(RECORDS SUPPLIED Opens)

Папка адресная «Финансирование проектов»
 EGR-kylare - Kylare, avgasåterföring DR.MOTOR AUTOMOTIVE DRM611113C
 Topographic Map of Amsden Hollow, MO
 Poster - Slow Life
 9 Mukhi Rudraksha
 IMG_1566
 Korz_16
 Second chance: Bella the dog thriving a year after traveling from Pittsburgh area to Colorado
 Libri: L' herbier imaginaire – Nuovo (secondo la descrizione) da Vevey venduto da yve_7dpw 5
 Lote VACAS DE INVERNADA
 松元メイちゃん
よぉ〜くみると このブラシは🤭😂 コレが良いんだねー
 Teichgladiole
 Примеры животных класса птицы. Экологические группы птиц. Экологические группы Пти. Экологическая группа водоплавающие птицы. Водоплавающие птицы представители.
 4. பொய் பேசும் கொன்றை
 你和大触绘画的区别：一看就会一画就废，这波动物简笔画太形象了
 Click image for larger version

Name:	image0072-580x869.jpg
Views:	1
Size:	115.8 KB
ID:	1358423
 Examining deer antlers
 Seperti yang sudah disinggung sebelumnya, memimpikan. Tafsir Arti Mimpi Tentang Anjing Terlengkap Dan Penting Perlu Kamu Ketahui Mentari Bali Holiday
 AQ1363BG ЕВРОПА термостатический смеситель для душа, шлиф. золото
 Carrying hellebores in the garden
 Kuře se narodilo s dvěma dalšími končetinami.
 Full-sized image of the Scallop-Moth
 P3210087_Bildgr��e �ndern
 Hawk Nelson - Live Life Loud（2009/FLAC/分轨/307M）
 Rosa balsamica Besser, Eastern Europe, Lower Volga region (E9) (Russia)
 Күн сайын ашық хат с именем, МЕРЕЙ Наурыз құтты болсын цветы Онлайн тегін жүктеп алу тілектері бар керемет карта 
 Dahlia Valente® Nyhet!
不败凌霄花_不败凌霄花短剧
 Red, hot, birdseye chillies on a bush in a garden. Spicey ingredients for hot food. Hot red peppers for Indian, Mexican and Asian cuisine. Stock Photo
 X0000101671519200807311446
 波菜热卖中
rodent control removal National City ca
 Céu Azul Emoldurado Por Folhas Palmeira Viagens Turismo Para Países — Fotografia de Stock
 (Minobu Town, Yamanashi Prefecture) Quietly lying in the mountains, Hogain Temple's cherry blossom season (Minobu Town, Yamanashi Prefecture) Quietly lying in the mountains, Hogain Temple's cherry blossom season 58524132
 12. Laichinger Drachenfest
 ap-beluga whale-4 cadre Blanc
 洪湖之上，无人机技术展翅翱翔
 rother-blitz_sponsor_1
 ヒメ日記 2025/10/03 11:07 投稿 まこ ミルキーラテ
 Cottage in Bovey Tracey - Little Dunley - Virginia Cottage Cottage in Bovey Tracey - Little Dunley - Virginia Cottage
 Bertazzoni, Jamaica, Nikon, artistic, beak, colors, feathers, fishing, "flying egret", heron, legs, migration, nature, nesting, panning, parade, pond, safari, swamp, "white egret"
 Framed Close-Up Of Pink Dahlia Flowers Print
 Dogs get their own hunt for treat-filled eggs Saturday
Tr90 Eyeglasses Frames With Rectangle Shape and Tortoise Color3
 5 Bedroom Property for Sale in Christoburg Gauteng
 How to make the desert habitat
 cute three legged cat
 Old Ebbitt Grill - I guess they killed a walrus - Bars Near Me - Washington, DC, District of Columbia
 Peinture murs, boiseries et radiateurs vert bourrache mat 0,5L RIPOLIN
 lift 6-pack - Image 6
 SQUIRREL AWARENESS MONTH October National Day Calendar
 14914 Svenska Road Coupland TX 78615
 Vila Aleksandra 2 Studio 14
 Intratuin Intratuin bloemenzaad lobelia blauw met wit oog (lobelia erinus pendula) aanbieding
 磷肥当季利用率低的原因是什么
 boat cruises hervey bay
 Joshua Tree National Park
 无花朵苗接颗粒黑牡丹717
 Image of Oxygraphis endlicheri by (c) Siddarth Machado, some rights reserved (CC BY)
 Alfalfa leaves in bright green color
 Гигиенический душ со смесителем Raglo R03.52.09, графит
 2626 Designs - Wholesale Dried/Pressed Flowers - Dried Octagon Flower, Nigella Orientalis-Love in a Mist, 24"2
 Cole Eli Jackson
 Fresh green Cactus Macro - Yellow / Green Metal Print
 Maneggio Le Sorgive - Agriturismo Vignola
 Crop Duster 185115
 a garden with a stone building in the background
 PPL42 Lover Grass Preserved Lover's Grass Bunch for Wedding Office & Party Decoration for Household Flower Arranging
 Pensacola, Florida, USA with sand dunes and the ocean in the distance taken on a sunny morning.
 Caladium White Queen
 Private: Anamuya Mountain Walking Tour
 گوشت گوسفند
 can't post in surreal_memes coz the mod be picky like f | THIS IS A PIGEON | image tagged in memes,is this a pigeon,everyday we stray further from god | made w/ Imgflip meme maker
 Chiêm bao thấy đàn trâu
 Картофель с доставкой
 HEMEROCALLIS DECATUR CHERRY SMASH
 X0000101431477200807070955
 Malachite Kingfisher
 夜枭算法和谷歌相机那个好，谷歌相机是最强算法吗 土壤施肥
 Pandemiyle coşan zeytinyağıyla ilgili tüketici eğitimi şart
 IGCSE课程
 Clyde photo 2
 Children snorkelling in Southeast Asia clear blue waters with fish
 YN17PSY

(RECORDS SUPPLIED Closes)

Copy every line of the records above that holds the word "National".

rodent control removal National City ca
 SQUIRREL AWARENESS MONTH October National Day Calendar
 Joshua Tree National Park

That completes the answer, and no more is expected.